# Smell and calyxes and harvest



## jungle (Mar 4, 2011)

I've been trying to harvest my weed when the trichs turn some amber maqybe 10% amber. I've noticed that durring the flowering period, some plants give off a strong smell for a few days then it seems to deminish some, and maybe it does it again before the trichs are ready. Question is, if a person harvest the plant when it smells the best lets say it had cloudy some clear trichs. If I picked then instead of maybe two weeks later or 1 week, would the plant normaly be more fragrant if its picked when it seems to be smelling its best. Also i hear that swollen calyes are a deciding point for harvest and I was wondering if anyone had any pictures of what swollen calyxes are that would be telling its time for harvest, , and when they are swollen and people pick the plant at that time what color are thye tricks usually. I'm thinking maybe half amber. thank you


----------



## OGKushman (Mar 5, 2011)

forget your senses. use the tried true and tested methods of others and pluck em when the THC is highest! wait for some of that amber after that then its up to you.
happy growin!


----------



## jungle (Mar 5, 2011)

sounds good tks


----------



## 4u2sm0ke (Mar 5, 2011)

50/50  :aok:


----------



## jungle (Mar 17, 2011)

Best way to tell when to harvest is by the trichs. Got it. 

 I'm planning on growing dinafem white widow. It can be harvested at 8 weeks. But can be placed in darkness for two weeks for a better affect. I have grown white widow before, but never placed it in darkness before harvest, and the plant was fine but lacking the white trichomes I've seen pictures of. In these last two weeks of darkness, what happens to the trichs? I assume they turn mostly brown? If the trichs are 10% amber at 8 weeks and the plant gets put in darkness for two weeks they probly keep turning more amber? Does anyone who has experience placing plants in darkness for two weeks explain what goes on with the trichomes. With white widow what has been the difference for you between putting them in darkness and not?
I read the white strains benefitn the most from this method. Does anyone do this to other kind of strains?
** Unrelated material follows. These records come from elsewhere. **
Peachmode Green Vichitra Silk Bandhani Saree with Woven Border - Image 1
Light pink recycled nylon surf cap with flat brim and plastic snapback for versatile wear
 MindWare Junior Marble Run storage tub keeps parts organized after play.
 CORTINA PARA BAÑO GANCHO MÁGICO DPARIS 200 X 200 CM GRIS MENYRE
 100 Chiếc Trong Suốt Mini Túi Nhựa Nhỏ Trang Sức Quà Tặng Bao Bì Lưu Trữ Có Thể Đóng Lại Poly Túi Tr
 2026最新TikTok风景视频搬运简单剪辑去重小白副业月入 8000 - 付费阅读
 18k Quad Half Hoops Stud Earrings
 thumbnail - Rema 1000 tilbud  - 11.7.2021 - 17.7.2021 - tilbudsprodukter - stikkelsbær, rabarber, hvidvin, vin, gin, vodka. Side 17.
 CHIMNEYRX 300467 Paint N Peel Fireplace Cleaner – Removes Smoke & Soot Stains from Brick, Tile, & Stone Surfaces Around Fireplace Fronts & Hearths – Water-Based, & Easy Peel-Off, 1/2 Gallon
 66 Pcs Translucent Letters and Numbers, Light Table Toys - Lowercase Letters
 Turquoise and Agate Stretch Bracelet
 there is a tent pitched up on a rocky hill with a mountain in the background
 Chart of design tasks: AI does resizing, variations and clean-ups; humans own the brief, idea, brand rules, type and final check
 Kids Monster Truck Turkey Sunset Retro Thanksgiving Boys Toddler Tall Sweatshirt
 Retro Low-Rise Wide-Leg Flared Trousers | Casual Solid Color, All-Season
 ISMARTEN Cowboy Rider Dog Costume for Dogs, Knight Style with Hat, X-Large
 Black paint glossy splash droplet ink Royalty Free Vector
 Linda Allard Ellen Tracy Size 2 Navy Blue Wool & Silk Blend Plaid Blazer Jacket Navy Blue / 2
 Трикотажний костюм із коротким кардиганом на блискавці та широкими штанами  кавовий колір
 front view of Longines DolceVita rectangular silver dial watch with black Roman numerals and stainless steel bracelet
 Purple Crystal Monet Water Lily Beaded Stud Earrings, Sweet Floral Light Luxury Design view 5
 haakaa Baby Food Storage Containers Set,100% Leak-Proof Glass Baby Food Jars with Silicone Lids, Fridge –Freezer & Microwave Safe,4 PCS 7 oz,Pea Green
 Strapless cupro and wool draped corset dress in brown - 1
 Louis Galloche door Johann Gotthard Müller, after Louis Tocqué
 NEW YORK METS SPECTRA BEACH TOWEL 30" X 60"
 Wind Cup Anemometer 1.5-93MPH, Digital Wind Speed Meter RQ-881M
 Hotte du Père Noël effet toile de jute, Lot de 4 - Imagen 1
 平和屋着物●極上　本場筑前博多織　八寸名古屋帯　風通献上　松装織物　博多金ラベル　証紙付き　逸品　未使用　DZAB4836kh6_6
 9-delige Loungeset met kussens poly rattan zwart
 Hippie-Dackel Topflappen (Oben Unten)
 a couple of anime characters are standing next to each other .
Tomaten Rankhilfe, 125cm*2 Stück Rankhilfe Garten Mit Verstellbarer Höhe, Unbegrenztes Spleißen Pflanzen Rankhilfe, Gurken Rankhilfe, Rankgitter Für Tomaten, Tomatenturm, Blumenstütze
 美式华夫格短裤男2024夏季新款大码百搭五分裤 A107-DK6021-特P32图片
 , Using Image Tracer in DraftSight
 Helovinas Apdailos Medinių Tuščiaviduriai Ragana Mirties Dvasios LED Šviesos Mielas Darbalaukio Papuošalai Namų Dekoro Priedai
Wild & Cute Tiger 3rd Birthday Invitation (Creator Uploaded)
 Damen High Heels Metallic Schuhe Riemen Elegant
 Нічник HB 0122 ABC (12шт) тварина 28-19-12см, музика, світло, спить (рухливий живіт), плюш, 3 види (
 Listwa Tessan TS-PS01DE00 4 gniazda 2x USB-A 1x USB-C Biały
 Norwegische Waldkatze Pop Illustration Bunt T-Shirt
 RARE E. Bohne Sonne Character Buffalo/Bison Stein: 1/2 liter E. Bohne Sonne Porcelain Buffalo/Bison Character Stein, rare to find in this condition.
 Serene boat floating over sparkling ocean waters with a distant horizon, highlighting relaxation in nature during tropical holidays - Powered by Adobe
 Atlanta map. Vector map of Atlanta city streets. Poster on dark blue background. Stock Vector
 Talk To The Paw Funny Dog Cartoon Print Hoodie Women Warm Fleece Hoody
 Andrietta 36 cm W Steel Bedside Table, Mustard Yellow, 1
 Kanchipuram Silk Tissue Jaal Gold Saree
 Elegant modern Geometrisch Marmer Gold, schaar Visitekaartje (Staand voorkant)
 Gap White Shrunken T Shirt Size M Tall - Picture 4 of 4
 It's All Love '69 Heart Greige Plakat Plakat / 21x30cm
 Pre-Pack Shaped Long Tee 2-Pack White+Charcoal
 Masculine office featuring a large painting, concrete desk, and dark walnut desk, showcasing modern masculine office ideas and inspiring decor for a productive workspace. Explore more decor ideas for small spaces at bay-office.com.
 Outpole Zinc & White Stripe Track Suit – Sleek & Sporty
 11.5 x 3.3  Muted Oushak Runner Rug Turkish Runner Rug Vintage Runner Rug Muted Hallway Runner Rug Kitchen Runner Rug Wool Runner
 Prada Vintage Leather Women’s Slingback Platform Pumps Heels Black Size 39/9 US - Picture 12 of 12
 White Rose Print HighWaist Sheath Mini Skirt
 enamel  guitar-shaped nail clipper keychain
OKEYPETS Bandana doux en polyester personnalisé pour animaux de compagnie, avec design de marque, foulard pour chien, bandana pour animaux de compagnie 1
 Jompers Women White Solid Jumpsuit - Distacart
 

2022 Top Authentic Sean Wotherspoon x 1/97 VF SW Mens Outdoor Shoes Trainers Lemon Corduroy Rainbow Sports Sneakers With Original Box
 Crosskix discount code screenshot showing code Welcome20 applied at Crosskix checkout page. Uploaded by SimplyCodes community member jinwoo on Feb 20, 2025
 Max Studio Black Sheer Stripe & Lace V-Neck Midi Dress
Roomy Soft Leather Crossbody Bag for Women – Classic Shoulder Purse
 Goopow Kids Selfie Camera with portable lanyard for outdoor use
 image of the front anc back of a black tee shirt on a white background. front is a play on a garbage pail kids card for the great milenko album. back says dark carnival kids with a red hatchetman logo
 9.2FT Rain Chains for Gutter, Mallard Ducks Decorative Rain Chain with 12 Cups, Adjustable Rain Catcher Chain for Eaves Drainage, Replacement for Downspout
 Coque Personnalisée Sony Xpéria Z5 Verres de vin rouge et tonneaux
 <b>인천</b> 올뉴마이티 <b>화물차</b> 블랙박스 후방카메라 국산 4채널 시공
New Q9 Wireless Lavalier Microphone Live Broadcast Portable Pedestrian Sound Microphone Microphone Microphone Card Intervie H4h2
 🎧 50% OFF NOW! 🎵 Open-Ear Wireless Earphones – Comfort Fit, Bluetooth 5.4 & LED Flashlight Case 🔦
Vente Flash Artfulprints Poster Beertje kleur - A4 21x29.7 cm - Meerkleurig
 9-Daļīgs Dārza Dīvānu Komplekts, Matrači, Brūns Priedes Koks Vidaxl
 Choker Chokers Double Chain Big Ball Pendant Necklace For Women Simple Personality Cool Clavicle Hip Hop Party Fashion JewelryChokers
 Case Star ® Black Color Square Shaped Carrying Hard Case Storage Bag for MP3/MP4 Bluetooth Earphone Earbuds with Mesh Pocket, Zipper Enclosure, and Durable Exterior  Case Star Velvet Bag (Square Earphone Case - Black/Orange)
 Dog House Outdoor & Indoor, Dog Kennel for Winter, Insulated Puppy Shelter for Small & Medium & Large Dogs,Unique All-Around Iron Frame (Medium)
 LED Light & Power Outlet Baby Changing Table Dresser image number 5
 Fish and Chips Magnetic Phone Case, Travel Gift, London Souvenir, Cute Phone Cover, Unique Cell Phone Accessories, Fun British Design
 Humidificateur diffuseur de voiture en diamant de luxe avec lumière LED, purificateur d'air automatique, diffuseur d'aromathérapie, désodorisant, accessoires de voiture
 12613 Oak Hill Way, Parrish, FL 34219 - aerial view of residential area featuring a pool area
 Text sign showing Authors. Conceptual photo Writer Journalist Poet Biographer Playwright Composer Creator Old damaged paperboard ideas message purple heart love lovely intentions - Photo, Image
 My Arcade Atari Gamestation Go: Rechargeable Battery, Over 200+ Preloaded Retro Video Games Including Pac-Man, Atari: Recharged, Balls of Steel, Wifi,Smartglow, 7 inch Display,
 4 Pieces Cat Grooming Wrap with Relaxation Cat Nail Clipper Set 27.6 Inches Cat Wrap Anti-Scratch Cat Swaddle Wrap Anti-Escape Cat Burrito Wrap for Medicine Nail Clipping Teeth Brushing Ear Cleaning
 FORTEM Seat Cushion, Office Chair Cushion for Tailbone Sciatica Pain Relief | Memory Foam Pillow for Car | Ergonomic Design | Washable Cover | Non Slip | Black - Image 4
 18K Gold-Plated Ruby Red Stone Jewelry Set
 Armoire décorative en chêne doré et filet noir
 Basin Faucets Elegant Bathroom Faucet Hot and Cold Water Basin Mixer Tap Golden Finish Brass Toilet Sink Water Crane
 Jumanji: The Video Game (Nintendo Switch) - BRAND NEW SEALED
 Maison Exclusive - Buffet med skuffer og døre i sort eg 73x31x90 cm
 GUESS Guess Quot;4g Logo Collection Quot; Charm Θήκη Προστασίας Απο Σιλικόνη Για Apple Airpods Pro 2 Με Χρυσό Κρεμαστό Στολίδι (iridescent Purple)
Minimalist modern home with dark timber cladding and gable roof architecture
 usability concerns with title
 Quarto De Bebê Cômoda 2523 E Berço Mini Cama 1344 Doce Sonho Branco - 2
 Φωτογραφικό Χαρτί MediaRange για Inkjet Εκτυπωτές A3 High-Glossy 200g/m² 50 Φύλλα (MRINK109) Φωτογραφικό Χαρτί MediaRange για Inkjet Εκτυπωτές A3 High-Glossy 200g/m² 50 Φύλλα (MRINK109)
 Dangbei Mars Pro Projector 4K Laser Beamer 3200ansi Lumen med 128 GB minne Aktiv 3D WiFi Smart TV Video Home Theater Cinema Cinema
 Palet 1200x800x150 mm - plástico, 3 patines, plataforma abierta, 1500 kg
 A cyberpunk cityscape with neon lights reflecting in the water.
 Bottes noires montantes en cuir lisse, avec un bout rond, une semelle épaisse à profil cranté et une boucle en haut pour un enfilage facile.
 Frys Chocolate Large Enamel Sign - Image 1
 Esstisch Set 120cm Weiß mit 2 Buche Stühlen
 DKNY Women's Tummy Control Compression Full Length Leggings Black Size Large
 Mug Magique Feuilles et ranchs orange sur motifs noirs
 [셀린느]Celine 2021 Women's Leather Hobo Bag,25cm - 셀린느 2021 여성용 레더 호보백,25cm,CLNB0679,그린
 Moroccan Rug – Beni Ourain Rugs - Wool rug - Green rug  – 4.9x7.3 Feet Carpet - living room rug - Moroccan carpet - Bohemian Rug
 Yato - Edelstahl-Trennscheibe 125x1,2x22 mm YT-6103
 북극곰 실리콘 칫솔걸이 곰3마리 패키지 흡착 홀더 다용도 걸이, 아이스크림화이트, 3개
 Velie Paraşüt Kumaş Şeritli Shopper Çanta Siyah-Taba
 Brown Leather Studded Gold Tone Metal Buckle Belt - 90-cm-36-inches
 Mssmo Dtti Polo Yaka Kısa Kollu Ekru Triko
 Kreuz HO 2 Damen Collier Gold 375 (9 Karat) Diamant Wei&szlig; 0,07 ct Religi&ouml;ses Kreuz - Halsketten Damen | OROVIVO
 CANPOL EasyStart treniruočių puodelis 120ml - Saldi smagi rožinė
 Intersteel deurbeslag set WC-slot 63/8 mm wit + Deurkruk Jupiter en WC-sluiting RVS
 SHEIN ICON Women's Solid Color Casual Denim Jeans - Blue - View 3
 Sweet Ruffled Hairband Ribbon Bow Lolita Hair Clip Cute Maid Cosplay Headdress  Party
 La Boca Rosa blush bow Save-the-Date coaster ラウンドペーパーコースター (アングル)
Is there much difference in your experience?


----------



## The Hemp Goddess (Mar 17, 2011)

jungle said:
			
		

> Best way to tell when to harvest is by the trichs. Got it.
> 
> I'm planning on growing dinafem white widow. It can be harvested at 8 weeks. But can be placed in darkness for two weeks for a better affect. I have grown white widow before, but never placed it in darkness before harvest, and the plant was fine but lacking the white trichomes I've seen pictures of. In these last two weeks of darkness, what happens to the trichs? I assume they turn mostly brown? If the trichs are 10% amber at 8 weeks and the plant gets put in darkness for two weeks they probly keep turning more amber? Does anyone who has experience placing plants in darkness for two weeks explain what goes on with the trichomes. With white widow what has been the difference for you between putting them in darkness and not?
> I read the white strains benefitn the most from this method. Does anyone do this to other kind of strains? Is there much difference in your experience?



This was discussed a while ago--I'm sure the thread got lost during the crash--with no real consensus.  However, I cannot imagine how it can possibly be good for a plant to be in darkness for 2 weeks--no light, no photosynthesis, no photosynthesis, no cannabinoids.  I want the breeders who recommend this to explain how this can possibly be beneficial to the plant or to trich development.


----------



## Budders Keeper (Mar 17, 2011)

> But can be placed in darkness for two weeks for a better affect.


My instinct tells me this is a recipe for rot/fungas/mold etc. I may be way off but that's what the little voices tell me.


----------



## Locked (Mar 17, 2011)

Budders Keeper said:
			
		

> My instinct tells me this is a recipe for rot/fungas/mold etc. I may be way off but that's what the little voices tell me.



:yeahthat:


I wld not recommend putting your plant into 2 weeks of darkness...sounds like a recipe for disaster.


----------



## TheKlonedRanger (Mar 18, 2011)

That thread was lost. I remember searching attitude and finding something like 3/4 of all white widows listed recommended that. Now, that's from a seedbank website not the breeders website. 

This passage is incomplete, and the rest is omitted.